Required action -
Only one stretch of the records below should be repeated. It starts with the line containing "Prodej pozemku pro bydlení, 3 385 m²" and goes on through the line containing "FANAR - HORIA", exactly as written.

══ Dataset entries ══

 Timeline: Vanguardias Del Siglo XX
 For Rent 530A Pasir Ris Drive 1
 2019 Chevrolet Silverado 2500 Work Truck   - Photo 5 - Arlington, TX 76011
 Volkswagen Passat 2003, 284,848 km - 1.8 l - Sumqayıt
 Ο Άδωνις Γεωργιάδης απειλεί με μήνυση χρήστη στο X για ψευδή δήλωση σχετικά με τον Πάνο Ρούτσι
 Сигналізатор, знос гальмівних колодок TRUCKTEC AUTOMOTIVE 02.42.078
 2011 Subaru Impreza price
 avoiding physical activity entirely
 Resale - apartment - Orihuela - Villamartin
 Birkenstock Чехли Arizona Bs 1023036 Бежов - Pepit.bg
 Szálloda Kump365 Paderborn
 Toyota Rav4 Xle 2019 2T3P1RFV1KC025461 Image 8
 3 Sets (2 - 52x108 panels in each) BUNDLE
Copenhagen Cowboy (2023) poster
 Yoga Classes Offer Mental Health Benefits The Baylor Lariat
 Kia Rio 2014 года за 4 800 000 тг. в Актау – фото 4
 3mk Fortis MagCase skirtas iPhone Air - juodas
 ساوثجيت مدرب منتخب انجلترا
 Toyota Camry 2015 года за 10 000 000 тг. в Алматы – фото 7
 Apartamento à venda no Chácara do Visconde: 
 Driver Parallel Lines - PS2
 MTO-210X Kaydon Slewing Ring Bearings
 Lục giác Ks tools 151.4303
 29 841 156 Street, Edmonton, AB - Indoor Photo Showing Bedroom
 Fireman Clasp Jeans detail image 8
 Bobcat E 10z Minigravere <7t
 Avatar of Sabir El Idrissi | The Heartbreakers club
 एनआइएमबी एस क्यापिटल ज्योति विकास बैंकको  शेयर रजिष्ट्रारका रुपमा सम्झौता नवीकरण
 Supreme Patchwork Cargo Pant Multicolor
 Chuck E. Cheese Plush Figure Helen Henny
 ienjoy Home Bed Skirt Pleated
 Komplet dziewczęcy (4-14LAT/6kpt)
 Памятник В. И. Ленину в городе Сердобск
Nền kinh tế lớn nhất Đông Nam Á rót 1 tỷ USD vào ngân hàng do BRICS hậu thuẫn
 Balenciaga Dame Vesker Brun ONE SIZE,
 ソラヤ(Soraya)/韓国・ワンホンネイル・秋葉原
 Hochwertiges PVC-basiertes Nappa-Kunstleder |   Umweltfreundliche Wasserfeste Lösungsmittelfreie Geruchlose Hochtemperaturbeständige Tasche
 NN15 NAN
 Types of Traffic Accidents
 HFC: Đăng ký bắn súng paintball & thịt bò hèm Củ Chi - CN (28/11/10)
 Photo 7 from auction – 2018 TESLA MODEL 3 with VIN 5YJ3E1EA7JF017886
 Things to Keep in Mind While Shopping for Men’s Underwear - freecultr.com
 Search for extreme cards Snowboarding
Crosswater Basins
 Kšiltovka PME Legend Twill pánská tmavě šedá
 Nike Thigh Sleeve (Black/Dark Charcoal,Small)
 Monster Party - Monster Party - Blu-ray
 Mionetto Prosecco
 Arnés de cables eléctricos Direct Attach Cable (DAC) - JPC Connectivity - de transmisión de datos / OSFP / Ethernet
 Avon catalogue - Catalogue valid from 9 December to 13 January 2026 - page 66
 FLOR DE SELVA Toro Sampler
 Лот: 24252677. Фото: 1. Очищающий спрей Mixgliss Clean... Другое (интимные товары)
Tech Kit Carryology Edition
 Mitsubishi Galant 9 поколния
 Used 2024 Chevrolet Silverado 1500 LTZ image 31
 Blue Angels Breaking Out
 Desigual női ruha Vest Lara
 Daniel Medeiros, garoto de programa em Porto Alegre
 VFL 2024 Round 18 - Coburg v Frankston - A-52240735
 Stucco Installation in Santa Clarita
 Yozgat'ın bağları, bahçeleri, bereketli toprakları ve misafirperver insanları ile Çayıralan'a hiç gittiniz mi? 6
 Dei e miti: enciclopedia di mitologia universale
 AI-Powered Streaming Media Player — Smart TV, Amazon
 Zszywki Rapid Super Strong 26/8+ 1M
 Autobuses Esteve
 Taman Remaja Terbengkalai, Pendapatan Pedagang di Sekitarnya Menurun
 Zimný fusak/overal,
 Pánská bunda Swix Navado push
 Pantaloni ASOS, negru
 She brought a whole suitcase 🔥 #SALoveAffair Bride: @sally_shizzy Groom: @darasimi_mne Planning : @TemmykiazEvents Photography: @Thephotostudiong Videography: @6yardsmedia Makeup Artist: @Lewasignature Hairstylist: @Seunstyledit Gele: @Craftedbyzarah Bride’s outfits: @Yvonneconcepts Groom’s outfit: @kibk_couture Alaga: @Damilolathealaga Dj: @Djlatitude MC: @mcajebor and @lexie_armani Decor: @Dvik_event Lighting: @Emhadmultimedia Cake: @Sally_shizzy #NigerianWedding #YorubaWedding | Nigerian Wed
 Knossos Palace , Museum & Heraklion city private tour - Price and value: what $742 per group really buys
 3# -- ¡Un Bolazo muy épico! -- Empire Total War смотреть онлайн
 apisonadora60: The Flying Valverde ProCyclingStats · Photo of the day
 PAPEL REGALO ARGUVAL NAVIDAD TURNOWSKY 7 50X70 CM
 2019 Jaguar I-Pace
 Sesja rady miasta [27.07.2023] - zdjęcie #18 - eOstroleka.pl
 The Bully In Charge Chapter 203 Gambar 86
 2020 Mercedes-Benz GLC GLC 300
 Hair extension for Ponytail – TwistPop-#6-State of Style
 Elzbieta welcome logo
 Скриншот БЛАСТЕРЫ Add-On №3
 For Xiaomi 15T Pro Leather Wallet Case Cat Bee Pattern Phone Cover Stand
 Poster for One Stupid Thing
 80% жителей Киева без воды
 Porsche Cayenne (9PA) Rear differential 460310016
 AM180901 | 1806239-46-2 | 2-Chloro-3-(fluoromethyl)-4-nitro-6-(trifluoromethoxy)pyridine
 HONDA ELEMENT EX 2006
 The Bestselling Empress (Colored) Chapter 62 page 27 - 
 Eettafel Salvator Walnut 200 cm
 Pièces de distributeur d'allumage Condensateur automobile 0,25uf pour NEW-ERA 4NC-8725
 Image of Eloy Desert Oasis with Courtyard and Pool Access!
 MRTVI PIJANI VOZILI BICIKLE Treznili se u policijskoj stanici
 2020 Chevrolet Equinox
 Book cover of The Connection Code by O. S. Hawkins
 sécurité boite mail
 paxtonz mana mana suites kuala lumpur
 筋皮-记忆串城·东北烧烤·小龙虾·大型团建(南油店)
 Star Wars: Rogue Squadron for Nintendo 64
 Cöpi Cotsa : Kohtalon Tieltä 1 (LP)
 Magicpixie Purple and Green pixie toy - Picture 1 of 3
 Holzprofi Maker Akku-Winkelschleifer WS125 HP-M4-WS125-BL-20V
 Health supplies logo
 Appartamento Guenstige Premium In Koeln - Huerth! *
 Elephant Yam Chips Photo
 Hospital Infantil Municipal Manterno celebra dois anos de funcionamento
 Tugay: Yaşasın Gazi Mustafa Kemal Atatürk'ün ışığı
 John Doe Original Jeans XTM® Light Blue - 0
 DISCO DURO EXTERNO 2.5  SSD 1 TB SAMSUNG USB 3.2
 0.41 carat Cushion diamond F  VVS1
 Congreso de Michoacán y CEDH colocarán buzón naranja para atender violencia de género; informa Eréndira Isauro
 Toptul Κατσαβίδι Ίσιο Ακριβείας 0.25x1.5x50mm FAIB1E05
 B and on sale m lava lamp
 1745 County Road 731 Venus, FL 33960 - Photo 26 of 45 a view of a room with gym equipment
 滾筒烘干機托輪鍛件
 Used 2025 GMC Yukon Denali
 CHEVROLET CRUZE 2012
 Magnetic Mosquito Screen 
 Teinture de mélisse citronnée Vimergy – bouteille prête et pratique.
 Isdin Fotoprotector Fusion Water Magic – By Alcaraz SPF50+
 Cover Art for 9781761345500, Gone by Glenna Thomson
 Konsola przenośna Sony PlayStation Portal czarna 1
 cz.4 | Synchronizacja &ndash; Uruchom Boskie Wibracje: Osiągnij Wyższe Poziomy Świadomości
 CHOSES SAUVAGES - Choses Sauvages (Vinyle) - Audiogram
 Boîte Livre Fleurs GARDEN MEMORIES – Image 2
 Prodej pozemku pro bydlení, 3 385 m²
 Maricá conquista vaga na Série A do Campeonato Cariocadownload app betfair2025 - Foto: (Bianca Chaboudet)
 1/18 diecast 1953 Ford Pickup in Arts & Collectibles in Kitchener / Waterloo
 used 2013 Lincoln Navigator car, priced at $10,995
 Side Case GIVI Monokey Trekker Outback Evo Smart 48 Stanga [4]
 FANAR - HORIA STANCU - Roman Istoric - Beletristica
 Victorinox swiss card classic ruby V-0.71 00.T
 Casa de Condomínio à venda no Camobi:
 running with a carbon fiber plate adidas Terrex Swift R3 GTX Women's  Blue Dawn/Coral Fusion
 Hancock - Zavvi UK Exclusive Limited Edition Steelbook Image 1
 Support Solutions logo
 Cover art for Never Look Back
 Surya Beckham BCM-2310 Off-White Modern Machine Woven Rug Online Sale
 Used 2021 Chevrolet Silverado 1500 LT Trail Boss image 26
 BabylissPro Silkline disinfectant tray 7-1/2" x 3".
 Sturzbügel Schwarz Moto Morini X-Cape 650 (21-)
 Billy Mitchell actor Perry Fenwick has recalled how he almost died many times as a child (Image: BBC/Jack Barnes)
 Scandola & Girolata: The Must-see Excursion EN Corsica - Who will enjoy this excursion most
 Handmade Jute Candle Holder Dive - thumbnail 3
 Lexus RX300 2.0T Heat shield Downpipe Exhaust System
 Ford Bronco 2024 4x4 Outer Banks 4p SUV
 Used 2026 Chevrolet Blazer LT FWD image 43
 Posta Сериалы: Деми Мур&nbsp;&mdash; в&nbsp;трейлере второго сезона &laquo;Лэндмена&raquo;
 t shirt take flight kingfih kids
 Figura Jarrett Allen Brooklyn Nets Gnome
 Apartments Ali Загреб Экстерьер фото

═══

Solution below -
 Prodej pozemku pro bydlení, 3 385 m²
 Maricá conquista vaga na Série A do Campeonato Cariocadownload app betfair2025 - Foto: (Bianca Chaboudet)
 1/18 diecast 1953 Ford Pickup in Arts & Collectibles in Kitchener / Waterloo
 used 2013 Lincoln Navigator car, priced at $10,995
 Side Case GIVI Monokey Trekker Outback Evo Smart 48 Stanga [4]
 FANAR - HORIA STANCU - Roman Istoric - Beletristica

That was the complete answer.